Removing duplicates from locs (location range of CUI annotations)

kaushikacharya commented 5 years ago

https://github.com/ncbi-nlp/NegBio/blob/master/negbio/pipeline/negdetect.py#L73-L76

        locs = []
        for ann in passage.annotations:
            total_loc = ann.get_total_location()
            locs.append((total_loc.offset, total_loc.offset + total_loc.length))

Here location range of CUIs are collected, out of which some of them can be duplicates. This happens because MetaMap creates multiple CUIs for the same text span.

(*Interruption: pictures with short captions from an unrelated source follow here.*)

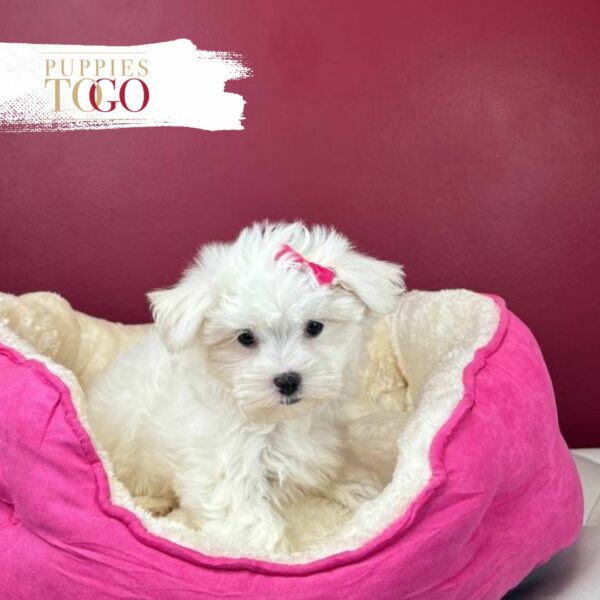 Maltese Puppies for sale Miami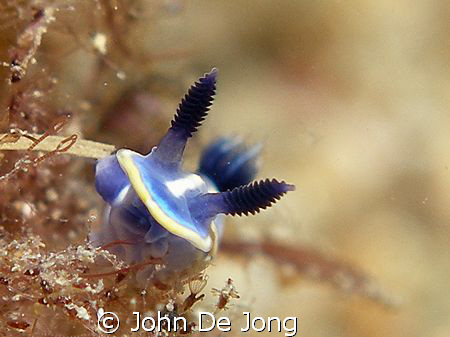 Hypselodoris gasconi is a common specie in the Mediterran... by John De Jong 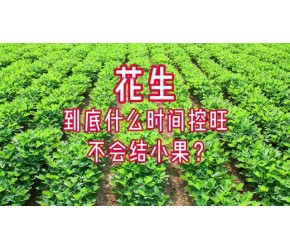 花生最佳控旺时间？如何不结小果不影响产量？ #农业技术早分享 #助农增产增收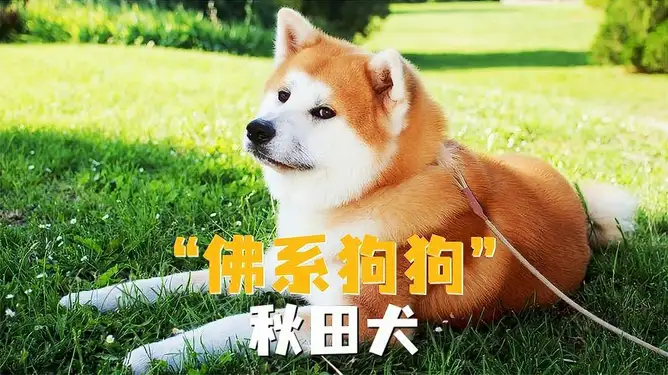 秋田犬会护主吗(秋田犬真的那么忠心嘛)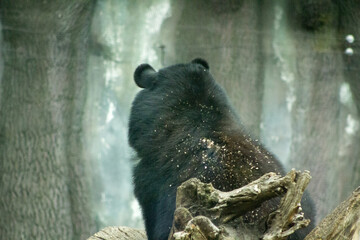 A black bear stands on an elevation in a misty forest. Its thick black fur is covered with dry...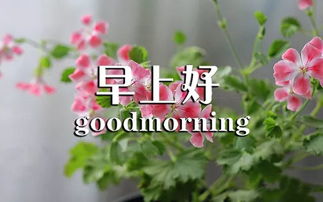 經(jīng)典,早安,句子,語(yǔ)錄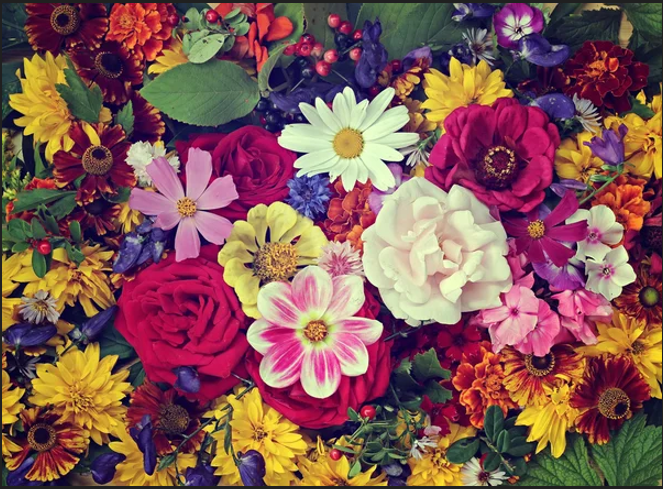 Karaburun Nergis Festivali Turu (17 Ocak Cumartesi - 18 Ocak Pazar)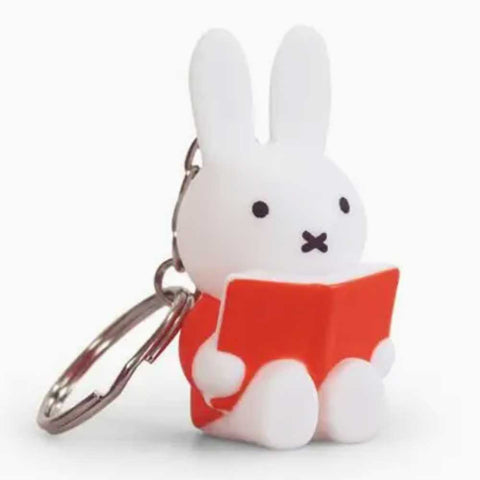 It's MIffy! – Giant Kitten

And then neg_detector.py # detect() iterates over the for loop of locs: https://github.com/ncbi-nlp/NegBio/blob/master/negbio/neg/neg_detector.py#L44

for loc in locs:

Isn't it better if we remove duplicates from locs in negdetect.py by using

locs = list(set(locs))

An example of duplicate loc elements:

For the sentence:

There is no spinal canal hematoma.

following two CUIs are generated in the same location span:

 <annotation id="2">
    <infon key="term">Hematoma</infon>
    <infon key="semtype">patf</infon>
    <infon key="CUI">C0018944</infon>
    <infon key="annotator">MetaMap</infon>
    <location length="8" offset="25"/>
    <text>hematoma</text>
  </annotation>

  <annotation id="4">
    <infon key="term">Hematoma Adverse Event</infon>
    <infon key="semtype">fndg</infon>
    <infon key="CUI">C1962958</infon>
    <infon key="annotator">MetaMap</infon>
    <location length="8" offset="25"/>
    <text>hematoma</text>
  </annotation>

kaushikacharya commented 5 years ago

@yfpeng I figured out a better solution.

https://github.com/ncbi-nlp/NegBio/blob/master/negbio/pipeline/negdetect.py#L83 for name, matcher, loc in detector.detect(sentence, locs):

Instead of passing the locs for the entire passage, we can pass the unique locs for the current sentence.

https://github.com/ncbi-nlp/NegBio/blob/master/negbio/neg/neg_detector.py#L47 for node in find_nodes(g, loc[0], loc[1]):

All the locs which don't belong to the current sentence are currently getting unnecessarily processed.

https://github.com/ncbi-nlp/NegBio/blob/master/negbio/pipeline/negdetect.py#L85 _mark_anns(passage.annotations, loc[0], loc[1], name) Also all the annotations belonging to other sentences are also checked for overlap with the loc for which we found negation/uncertainty.

I have made the above changes in my local copy. In a CT report with around 60 sentences, I have found the following step reduced from 25 seconds to 14 seconds: https://github.com/ncbi-nlp/NegBio/blob/master/negbio/main_mm.py#L60 document = negdetect.detect(document, neg_detector)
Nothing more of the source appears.